Opacity. When a Lambda function with s3:GetObject reads a file, you know exactly why: the code called that API. When an AI agent reads a file, the reason is a chain of model decisions that may not be logged, may not be auditable, and may not be consistent across runs. The audit trail that IAM depends on — who accessed what and why — becomes significantly harder to maintain.
The Same Mistakes, Same Causes
Walk through an AI agent deployment today and the anti-patterns are familiar:
Over-provisioned service accounts. The agent needs to read documents, call an API, maybe update a record. Rather than enumerate exactly which documents, which API endpoints, which records — all of which requires upfront work — the team grants broad access and ships. The access never gets tightened because the agent works and nobody is specifically accountable for its permissions.
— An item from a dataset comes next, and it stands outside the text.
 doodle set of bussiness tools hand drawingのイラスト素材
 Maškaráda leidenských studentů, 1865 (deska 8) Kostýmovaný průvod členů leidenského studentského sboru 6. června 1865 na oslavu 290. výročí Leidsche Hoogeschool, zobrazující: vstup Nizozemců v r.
Static long-lived credentials. The agent’s API keys are in environment variables. They were created six months ago. They’ve never been rotated. If the agent is compromised or its runtime environment is accessed, those credentials are available — and they’re broad.
No audit trail. The agent runs under a shared service account used by other services too. When CloudTrail shows an unexpected S3 read from that account, there is no way to know whether it came from the agent, the other service, or something else entirely.
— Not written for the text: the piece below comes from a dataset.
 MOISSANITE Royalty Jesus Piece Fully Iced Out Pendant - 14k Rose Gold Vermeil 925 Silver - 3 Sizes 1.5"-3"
“We’ll tighten it later.” The phrase that has followed every IAM explosion since 2012. Later rarely comes while the system is working.
These are not AI-specific failures. They are IAM failures that AI deployments are inheriting because the teams building agents are not always the same teams who spent the last decade cleaning up cloud IAM.
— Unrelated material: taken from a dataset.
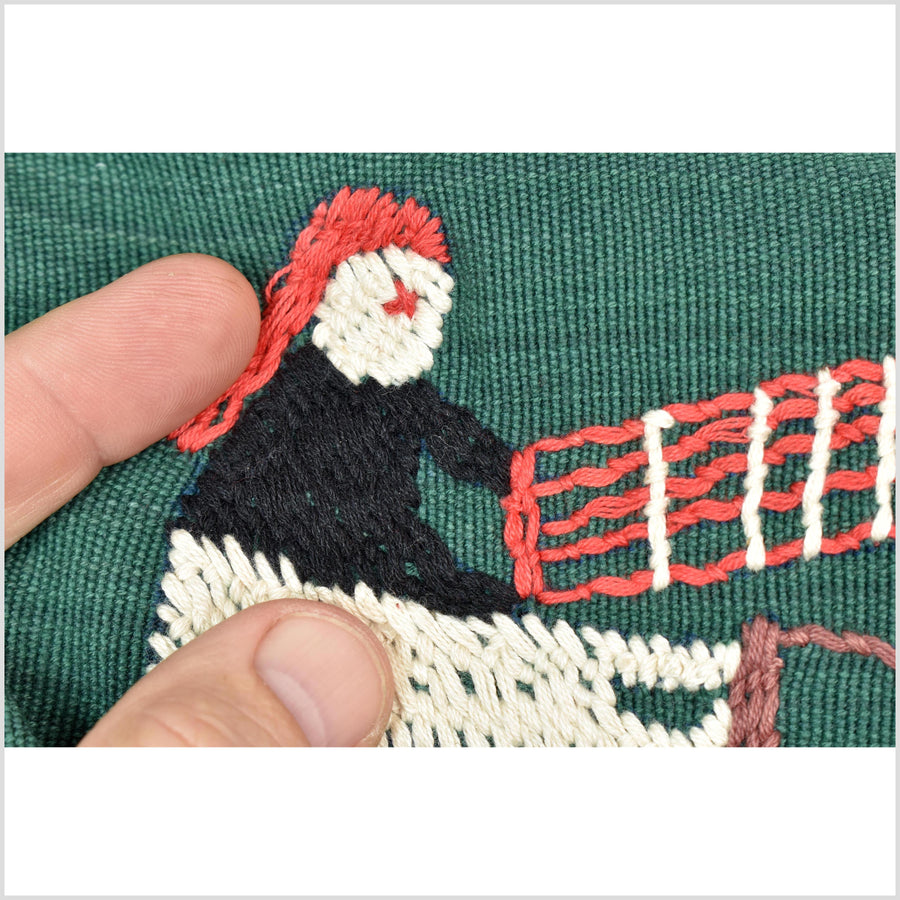 Dark green cotton story quilt Naga tribal textile ethnic embroidered boho fabric Burma hill tribe tapestry Thai India Hmong II170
What Least Privilege Looks Like for an AI Agent
Applying least privilege to an AI agent requires working backwards from what the agent is actually allowed to do, not what it might conceivably need.
Enumerate the agent’s actions, not its access. A document summarization agent needs to read specific document stores, nothing else. An agent that updates records needs write access to specific tables with specific conditions — not the whole database. Define the scope from the action, not from the model’s capability.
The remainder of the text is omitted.